| Listed entries |
··········

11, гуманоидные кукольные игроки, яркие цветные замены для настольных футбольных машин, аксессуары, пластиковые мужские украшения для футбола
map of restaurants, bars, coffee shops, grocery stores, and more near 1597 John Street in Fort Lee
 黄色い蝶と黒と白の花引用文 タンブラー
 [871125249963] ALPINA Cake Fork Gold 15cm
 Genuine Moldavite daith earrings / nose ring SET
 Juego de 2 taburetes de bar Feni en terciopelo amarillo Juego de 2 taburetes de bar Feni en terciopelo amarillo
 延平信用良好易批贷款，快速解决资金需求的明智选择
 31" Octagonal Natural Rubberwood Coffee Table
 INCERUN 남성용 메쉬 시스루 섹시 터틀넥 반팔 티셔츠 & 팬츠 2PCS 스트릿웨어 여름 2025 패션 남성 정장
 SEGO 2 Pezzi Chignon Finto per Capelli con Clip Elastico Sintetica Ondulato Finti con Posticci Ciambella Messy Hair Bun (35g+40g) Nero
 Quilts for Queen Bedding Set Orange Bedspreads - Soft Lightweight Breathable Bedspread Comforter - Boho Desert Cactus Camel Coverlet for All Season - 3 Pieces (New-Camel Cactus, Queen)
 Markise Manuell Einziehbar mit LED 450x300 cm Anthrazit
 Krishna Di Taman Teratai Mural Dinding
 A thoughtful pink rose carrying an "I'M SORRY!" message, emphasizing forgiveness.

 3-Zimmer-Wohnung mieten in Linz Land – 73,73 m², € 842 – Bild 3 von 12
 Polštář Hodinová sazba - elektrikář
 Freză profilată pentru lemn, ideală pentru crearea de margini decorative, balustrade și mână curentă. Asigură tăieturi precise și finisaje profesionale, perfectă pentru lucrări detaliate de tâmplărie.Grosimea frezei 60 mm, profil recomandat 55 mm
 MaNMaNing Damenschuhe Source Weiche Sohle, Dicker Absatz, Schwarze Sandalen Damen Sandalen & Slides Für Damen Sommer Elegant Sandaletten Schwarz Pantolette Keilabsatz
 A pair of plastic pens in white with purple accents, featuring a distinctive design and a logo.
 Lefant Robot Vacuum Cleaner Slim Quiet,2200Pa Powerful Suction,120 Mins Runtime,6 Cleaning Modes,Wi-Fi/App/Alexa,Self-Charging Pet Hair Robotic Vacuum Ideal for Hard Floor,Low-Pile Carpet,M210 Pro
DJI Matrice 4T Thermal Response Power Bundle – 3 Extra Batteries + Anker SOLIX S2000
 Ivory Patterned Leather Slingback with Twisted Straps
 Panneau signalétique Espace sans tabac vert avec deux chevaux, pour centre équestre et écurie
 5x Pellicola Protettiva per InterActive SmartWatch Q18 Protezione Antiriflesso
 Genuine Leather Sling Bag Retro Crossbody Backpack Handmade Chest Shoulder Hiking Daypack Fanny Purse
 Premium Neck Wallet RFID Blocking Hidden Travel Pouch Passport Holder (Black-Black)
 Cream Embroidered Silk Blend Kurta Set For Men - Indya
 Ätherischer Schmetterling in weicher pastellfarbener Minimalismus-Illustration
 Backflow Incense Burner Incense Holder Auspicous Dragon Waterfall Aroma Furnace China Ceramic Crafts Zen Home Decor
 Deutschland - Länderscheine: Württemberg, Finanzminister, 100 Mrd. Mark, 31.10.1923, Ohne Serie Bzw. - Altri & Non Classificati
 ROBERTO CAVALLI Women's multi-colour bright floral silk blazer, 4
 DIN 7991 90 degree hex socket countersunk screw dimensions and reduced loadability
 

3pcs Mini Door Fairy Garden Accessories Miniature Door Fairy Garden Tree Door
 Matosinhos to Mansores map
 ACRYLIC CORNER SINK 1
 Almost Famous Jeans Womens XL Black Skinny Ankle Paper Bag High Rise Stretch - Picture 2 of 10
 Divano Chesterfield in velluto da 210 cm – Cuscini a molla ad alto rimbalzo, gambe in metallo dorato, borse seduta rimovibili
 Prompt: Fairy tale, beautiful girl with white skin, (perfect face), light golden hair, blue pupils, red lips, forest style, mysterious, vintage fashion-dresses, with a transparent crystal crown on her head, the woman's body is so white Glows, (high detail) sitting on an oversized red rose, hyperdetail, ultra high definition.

··········

Output the full listing. Match it exactly.

| The answer |
11, гуманоидные кукольные игроки, яркие цветные замены для настольных футбольных машин, аксессуары, пластиковые мужские украшения для футбола
map of restaurants, bars, coffee shops, grocery stores, and more near 1597 John Street in Fort Lee
 黄色い蝶と黒と白の花引用文 タンブラー
 [871125249963] ALPINA Cake Fork Gold 15cm
 Genuine Moldavite daith earrings / nose ring SET
 Juego de 2 taburetes de bar Feni en terciopelo amarillo Juego de 2 taburetes de bar Feni en terciopelo amarillo
 延平信用良好易批贷款，快速解决资金需求的明智选择
 31" Octagonal Natural Rubberwood Coffee Table
 INCERUN 남성용 메쉬 시스루 섹시 터틀넥 반팔 티셔츠 & 팬츠 2PCS 스트릿웨어 여름 2025 패션 남성 정장
 SEGO 2 Pezzi Chignon Finto per Capelli con Clip Elastico Sintetica Ondulato Finti con Posticci Ciambella Messy Hair Bun (35g+40g) Nero
 Quilts for Queen Bedding Set Orange Bedspreads - Soft Lightweight Breathable Bedspread Comforter - Boho Desert Cactus Camel Coverlet for All Season - 3 Pieces (New-Camel Cactus, Queen)
 Markise Manuell Einziehbar mit LED 450x300 cm Anthrazit
 Krishna Di Taman Teratai Mural Dinding
 A thoughtful pink rose carrying an "I'M SORRY!" message, emphasizing forgiveness.

 3-Zimmer-Wohnung mieten in Linz Land – 73,73 m², € 842 – Bild 3 von 12
 Polštář Hodinová sazba - elektrikář
 Freză profilată pentru lemn, ideală pentru crearea de margini decorative, balustrade și mână curentă. Asigură tăieturi precise și finisaje profesionale, perfectă pentru lucrări detaliate de tâmplărie.Grosimea frezei 60 mm, profil recomandat 55 mm
 MaNMaNing Damenschuhe Source Weiche Sohle, Dicker Absatz, Schwarze Sandalen Damen Sandalen & Slides Für Damen Sommer Elegant Sandaletten Schwarz Pantolette Keilabsatz
 A pair of plastic pens in white with purple accents, featuring a distinctive design and a logo.
 Lefant Robot Vacuum Cleaner Slim Quiet,2200Pa Powerful Suction,120 Mins Runtime,6 Cleaning Modes,Wi-Fi/App/Alexa,Self-Charging Pet Hair Robotic Vacuum Ideal for Hard Floor,Low-Pile Carpet,M210 Pro
DJI Matrice 4T Thermal Response Power Bundle – 3 Extra Batteries + Anker SOLIX S2000
 Ivory Patterned Leather Slingback with Twisted Straps
 Panneau signalétique Espace sans tabac vert avec deux chevaux, pour centre équestre et écurie
 5x Pellicola Protettiva per InterActive SmartWatch Q18 Protezione Antiriflesso
 Genuine Leather Sling Bag Retro Crossbody Backpack Handmade Chest Shoulder Hiking Daypack Fanny Purse
 Premium Neck Wallet RFID Blocking Hidden Travel Pouch Passport Holder (Black-Black)
 Cream Embroidered Silk Blend Kurta Set For Men - Indya
 Ätherischer Schmetterling in weicher pastellfarbener Minimalismus-Illustration
 Backflow Incense Burner Incense Holder Auspicous Dragon Waterfall Aroma Furnace China Ceramic Crafts Zen Home Decor
 Deutschland - Länderscheine: Württemberg, Finanzminister, 100 Mrd. Mark, 31.10.1923, Ohne Serie Bzw. - Altri & Non Classificati
 ROBERTO CAVALLI Women's multi-colour bright floral silk blazer, 4
 DIN 7991 90 degree hex socket countersunk screw dimensions and reduced loadability
 

3pcs Mini Door Fairy Garden Accessories Miniature Door Fairy Garden Tree Door
 Matosinhos to Mansores map
 ACRYLIC CORNER SINK 1
 Almost Famous Jeans Womens XL Black Skinny Ankle Paper Bag High Rise Stretch - Picture 2 of 10
 Divano Chesterfield in velluto da 210 cm – Cuscini a molla ad alto rimbalzo, gambe in metallo dorato, borse seduta rimovibili
 Prompt: Fairy tale, beautiful girl with white skin, (perfect face), light golden hair, blue pupils, red lips, forest style, mysterious, vintage fashion-dresses, with a transparent crystal crown on her head, the woman's body is so white Glows, (high detail) sitting on an oversized red rose, hyperdetail, ultra high definition.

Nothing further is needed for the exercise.